Booster Trial to 07-0019 With A/Anhui/05 With and Without MF59
Location: Atlanta, Georgia
Status: Not yet recruiting

That's a definitive statement that, despite the fact that squalene adjuvant has not been approved for use in the U.S., they feel free to include it in trials. There may be similar evidence in the reams of trial info already posted in this thread, but I hadn't had time to read them thoroughly and was - still am - more focused on the search for the Colorado trial. I happened to come across the two trials listed above.

There is a 2009 WHO paper basically stating that if there's a flu pandemic, there's far too little antigen available to fill global needs, so adjuvant is, in essence, highly recommended.

All of this makes that much stronger the case that the Colorado trial included adjuvant.

[Satyagraha]

Pilikia - you are obviously an old hand at this; don't you think it unusual to not be able to locate any details of a study?

socio - I did read Vaccine-A, and no better advice could be given. It was an eye-opener.

Though not surprising it is at once saddening and infuriating to see in these postings official Novartis statement of trial adjuvanted vaccinations in the UK. The vaccine manufacturers are fully aware of the GWI research and the potential catastrophic effect on every recipient of their adjuvanted vaccines.

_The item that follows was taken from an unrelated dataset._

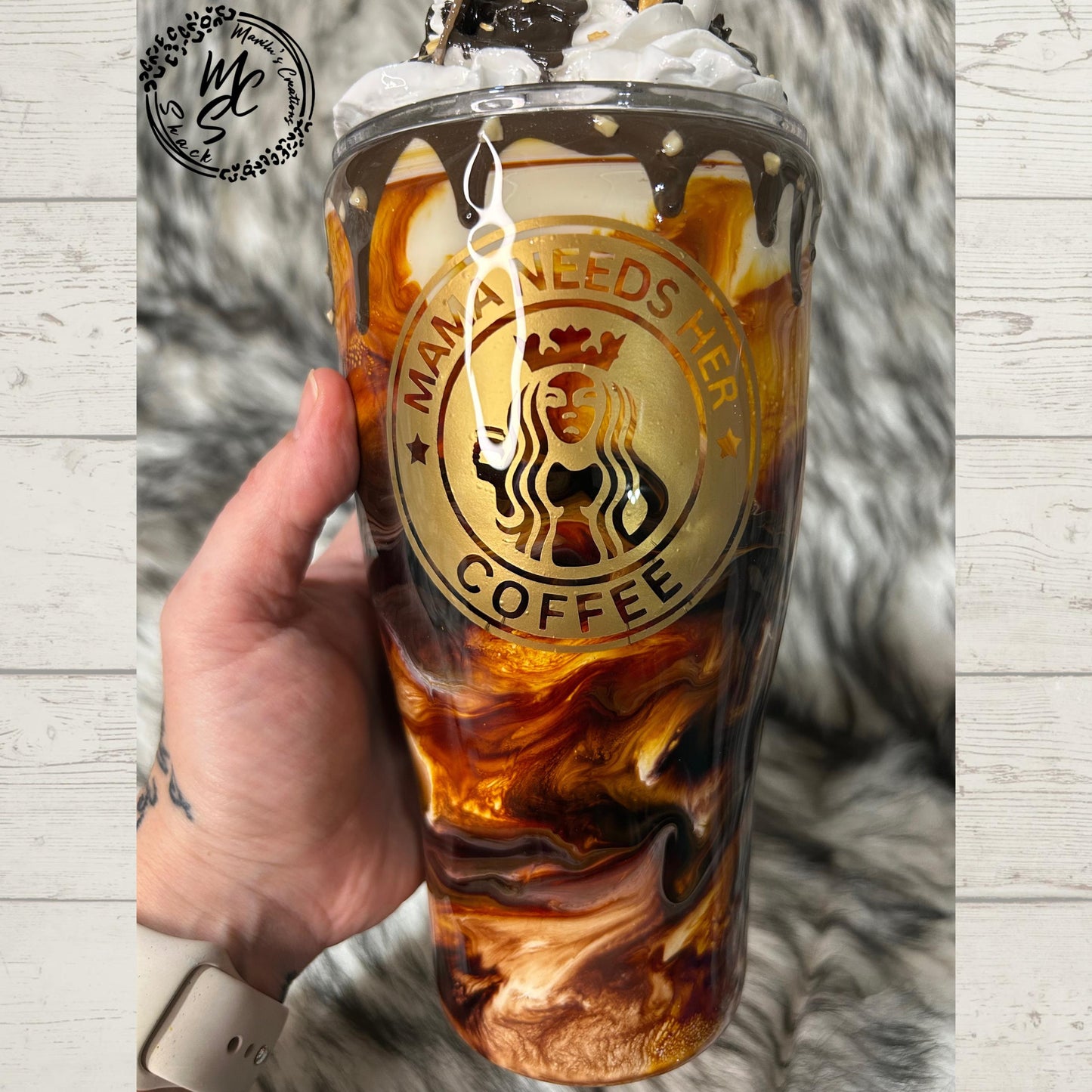 Coffee Swirl Espresso Macchiato Mama Needs her Coffee with realistic whipped cream removable topper, chocolate drizzle and dripping.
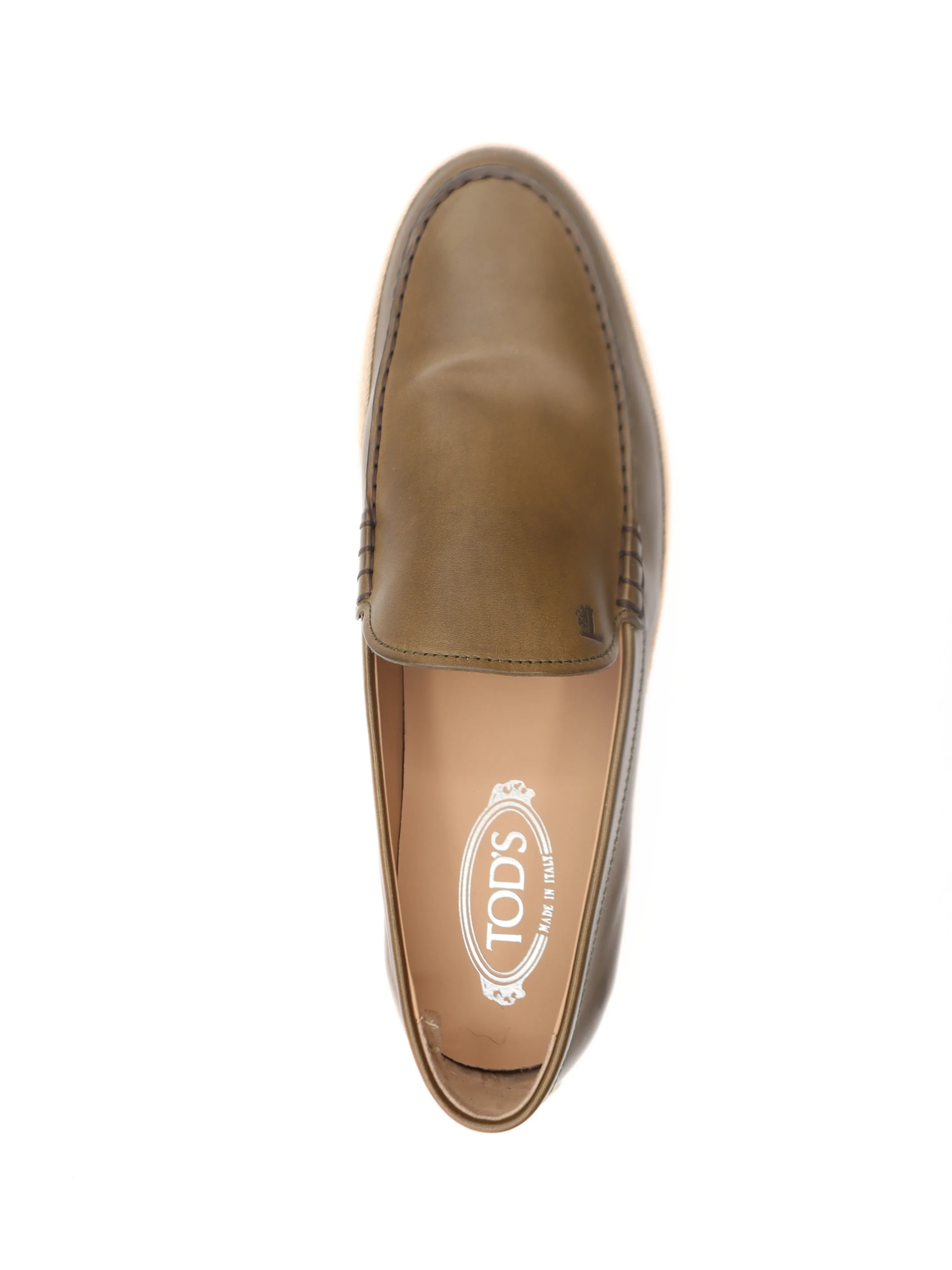 Tods Mens Light Brown Leather Espadrille with Raffia Rubber Sole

I find it bizarre that the Novartis website will NOT work to show you the studies; they only show you the press releases about the studies. I thought it was a problem with the search engine - and since we're in this level 6 pandemic, and they are a primary vendor - it's ridiculous that the site is not working. Suspicious even. I'll check again tomorrow and email them if it's still broken... see what they say, and post it here if I get a response. Medical journals publish the studies, and that's where we're most likely to get the information.